Work item:
Copy every line in the records below that contains the word "Road".

Records provided:
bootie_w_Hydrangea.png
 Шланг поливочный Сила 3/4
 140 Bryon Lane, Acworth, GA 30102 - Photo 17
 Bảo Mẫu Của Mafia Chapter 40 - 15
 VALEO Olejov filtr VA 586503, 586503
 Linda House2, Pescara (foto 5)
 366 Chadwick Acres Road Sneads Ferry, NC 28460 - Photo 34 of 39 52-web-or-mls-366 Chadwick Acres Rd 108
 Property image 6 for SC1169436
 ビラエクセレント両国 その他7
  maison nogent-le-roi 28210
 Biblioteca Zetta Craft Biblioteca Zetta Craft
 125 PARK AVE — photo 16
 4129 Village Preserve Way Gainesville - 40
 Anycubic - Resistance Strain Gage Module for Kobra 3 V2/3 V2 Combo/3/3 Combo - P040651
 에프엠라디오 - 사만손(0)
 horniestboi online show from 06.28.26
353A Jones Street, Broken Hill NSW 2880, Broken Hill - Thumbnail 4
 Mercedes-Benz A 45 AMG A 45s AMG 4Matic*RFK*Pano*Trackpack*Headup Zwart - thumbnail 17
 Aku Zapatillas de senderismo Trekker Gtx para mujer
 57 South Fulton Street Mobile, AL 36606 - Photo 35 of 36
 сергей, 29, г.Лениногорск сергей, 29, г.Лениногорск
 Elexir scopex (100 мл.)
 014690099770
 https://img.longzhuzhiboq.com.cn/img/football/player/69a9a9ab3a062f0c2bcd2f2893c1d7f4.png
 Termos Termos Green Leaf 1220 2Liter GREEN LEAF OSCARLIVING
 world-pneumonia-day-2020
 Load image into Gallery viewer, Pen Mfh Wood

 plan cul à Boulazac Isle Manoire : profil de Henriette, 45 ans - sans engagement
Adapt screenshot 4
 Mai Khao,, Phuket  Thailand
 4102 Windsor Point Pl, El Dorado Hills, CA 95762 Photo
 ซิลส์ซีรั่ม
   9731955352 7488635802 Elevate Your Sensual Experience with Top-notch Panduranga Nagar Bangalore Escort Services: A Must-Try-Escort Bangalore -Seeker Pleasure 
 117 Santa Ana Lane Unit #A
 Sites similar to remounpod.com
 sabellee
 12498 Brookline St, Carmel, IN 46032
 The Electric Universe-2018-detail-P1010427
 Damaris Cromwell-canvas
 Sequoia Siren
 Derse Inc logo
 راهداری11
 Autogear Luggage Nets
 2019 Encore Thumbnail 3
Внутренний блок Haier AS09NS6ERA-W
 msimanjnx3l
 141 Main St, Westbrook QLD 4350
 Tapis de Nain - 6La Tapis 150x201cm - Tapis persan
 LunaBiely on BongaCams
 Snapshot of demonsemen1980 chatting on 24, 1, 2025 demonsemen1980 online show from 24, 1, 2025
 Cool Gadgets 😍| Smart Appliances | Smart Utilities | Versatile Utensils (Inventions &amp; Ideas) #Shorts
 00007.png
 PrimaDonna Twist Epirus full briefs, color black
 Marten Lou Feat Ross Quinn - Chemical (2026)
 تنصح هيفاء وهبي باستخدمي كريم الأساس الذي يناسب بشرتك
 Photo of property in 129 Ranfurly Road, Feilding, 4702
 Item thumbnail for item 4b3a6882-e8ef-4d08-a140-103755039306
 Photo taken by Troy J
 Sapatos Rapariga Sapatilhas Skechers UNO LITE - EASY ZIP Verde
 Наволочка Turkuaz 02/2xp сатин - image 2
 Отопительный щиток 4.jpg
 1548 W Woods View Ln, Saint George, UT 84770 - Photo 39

Result:
 366 Chadwick Acres Road Sneads Ferry, NC 28460 - Photo 34 of 39 52-web-or-mls-366 Chadwick Acres Rd 108
 Photo of property in 129 Ranfurly Road, Feilding, 4702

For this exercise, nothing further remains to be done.